(Beginning of SOURCE MATERIAL)
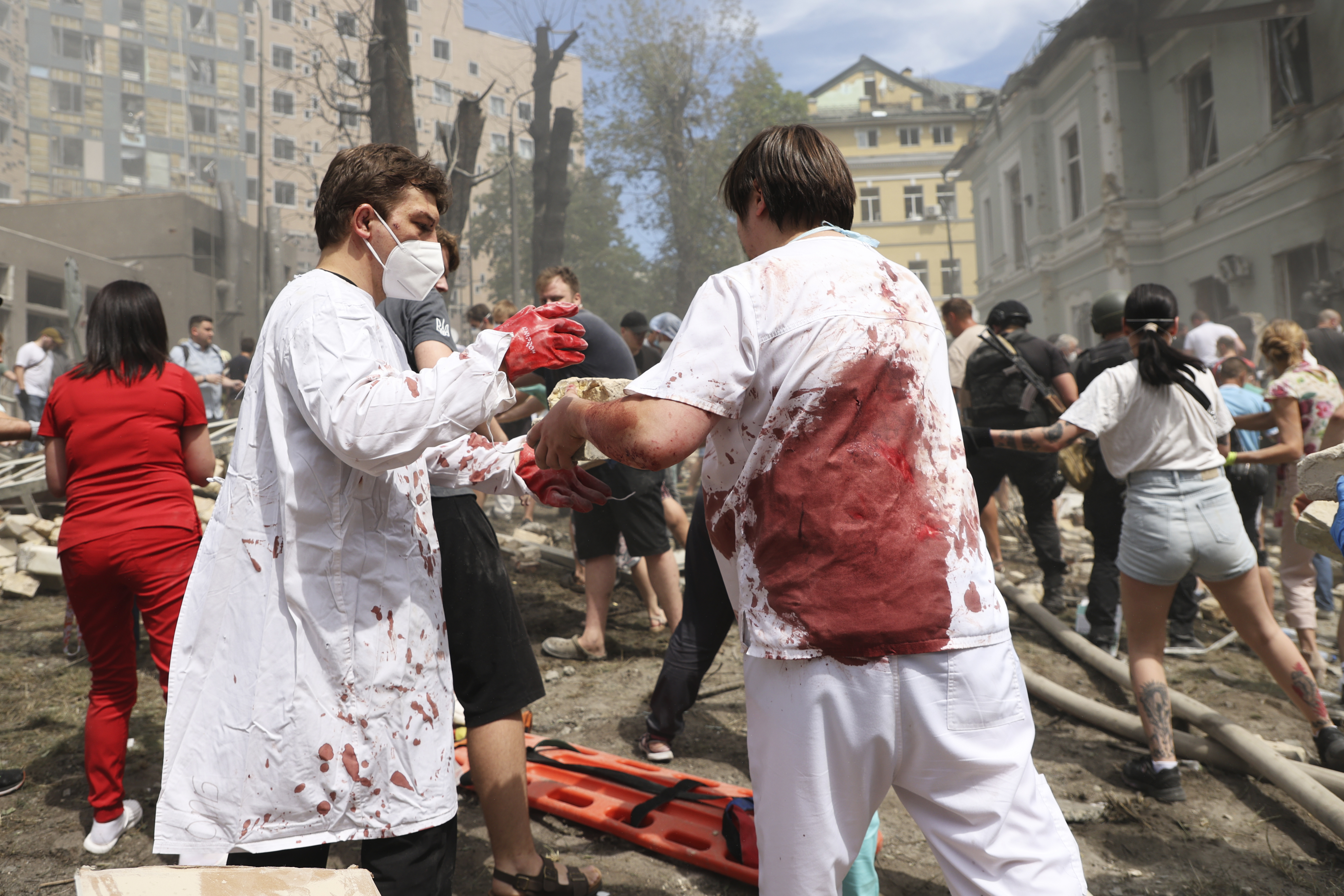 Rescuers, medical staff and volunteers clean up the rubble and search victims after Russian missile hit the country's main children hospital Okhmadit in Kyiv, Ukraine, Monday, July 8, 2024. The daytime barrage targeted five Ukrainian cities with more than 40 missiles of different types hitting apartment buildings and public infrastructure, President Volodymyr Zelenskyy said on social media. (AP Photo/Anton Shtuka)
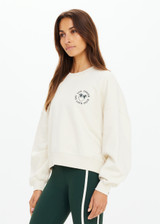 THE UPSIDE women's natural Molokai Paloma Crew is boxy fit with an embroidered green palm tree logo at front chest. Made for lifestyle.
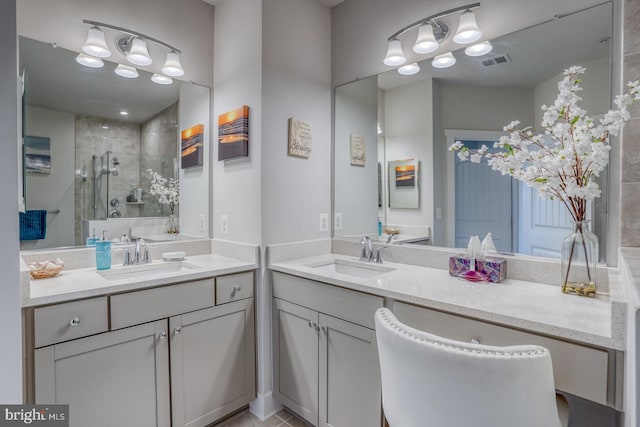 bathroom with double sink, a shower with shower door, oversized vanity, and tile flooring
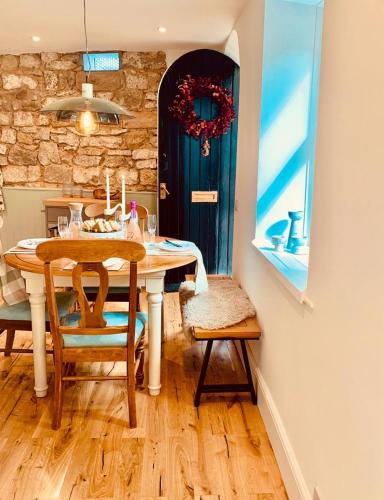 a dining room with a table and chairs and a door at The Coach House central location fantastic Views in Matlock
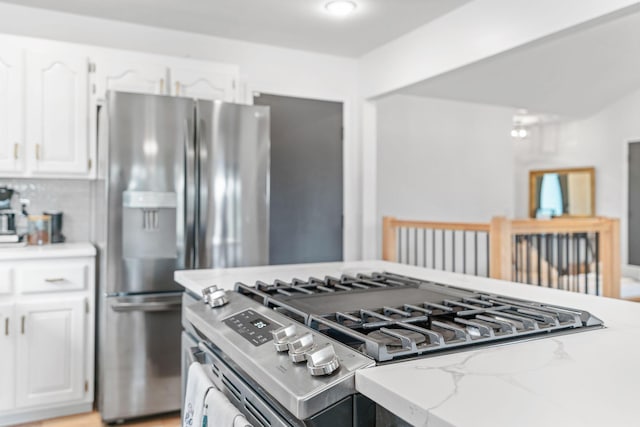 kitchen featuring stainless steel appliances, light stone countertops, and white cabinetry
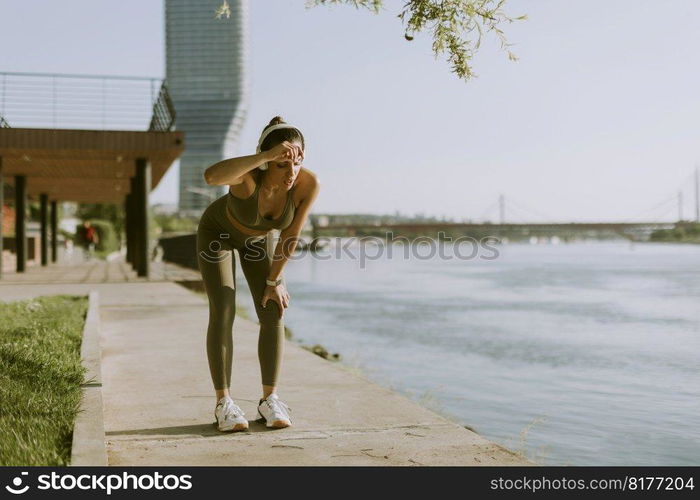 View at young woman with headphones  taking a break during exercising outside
(End of SOURCE MATERIAL)
- _EXERCISE BRIEF_
Please transcribe every entry exactly as written, leaving the pictures out.

- _RESPONSE TO THIS EXERCISE_
 Rescuers, medical staff and volunteers clean up the rubble and search victims after Russian missile hit the country's main children hospital Okhmadit in Kyiv, Ukraine, Monday, July 8, 2024. The daytime barrage targeted five Ukrainian cities with more than 40 missiles of different types hitting apartment buildings and public infrastructure, President Volodymyr Zelenskyy said on social media. (AP Photo/Anton Shtuka)
 THE UPSIDE women's natural Molokai Paloma Crew is boxy fit with an embroidered green palm tree logo at front chest. Made for lifestyle.
 bathroom with double sink, a shower with shower door, oversized vanity, and tile flooring
 a dining room with a table and chairs and a door at The Coach House central location fantastic Views in Matlock
 kitchen featuring stainless steel appliances, light stone countertops, and white cabinetry
 View at young woman with headphones  taking a break during exercising outside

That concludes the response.